╔══
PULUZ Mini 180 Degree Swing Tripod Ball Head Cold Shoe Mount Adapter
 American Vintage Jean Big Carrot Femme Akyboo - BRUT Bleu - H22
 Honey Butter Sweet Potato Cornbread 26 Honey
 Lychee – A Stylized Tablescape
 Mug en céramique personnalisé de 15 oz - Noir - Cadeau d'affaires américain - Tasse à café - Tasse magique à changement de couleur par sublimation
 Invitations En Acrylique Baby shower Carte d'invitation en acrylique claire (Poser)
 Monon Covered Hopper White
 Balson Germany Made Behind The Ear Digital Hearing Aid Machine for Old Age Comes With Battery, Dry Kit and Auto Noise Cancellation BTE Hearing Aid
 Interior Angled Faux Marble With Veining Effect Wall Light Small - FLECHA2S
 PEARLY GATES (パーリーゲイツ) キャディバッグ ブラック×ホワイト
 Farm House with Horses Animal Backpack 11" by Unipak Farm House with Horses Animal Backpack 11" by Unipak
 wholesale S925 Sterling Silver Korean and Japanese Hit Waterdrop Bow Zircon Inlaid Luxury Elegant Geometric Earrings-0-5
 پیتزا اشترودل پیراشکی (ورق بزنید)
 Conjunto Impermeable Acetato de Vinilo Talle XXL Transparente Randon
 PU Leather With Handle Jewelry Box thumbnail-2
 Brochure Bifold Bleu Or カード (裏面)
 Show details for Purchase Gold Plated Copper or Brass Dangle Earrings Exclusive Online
╚══
*Exercise description*: Your reply should consist of the records, duplicated exactly.

*Answer to this task*:
PULUZ Mini 180 Degree Swing Tripod Ball Head Cold Shoe Mount Adapter
 American Vintage Jean Big Carrot Femme Akyboo - BRUT Bleu - H22
 Honey Butter Sweet Potato Cornbread 26 Honey
 Lychee – A Stylized Tablescape
 Mug en céramique personnalisé de 15 oz - Noir - Cadeau d'affaires américain - Tasse à café - Tasse magique à changement de couleur par sublimation
 Invitations En Acrylique Baby shower Carte d'invitation en acrylique claire (Poser)
 Monon Covered Hopper White
 Balson Germany Made Behind The Ear Digital Hearing Aid Machine for Old Age Comes With Battery, Dry Kit and Auto Noise Cancellation BTE Hearing Aid
 Interior Angled Faux Marble With Veining Effect Wall Light Small - FLECHA2S
 PEARLY GATES (パーリーゲイツ) キャディバッグ ブラック×ホワイト
 Farm House with Horses Animal Backpack 11" by Unipak Farm House with Horses Animal Backpack 11" by Unipak
 wholesale S925 Sterling Silver Korean and Japanese Hit Waterdrop Bow Zircon Inlaid Luxury Elegant Geometric Earrings-0-5
 پیتزا اشترودل پیراشکی (ورق بزنید)
 Conjunto Impermeable Acetato de Vinilo Talle XXL Transparente Randon
 PU Leather With Handle Jewelry Box thumbnail-2
 Brochure Bifold Bleu Or カード (裏面)
 Show details for Purchase Gold Plated Copper or Brass Dangle Earrings Exclusive Online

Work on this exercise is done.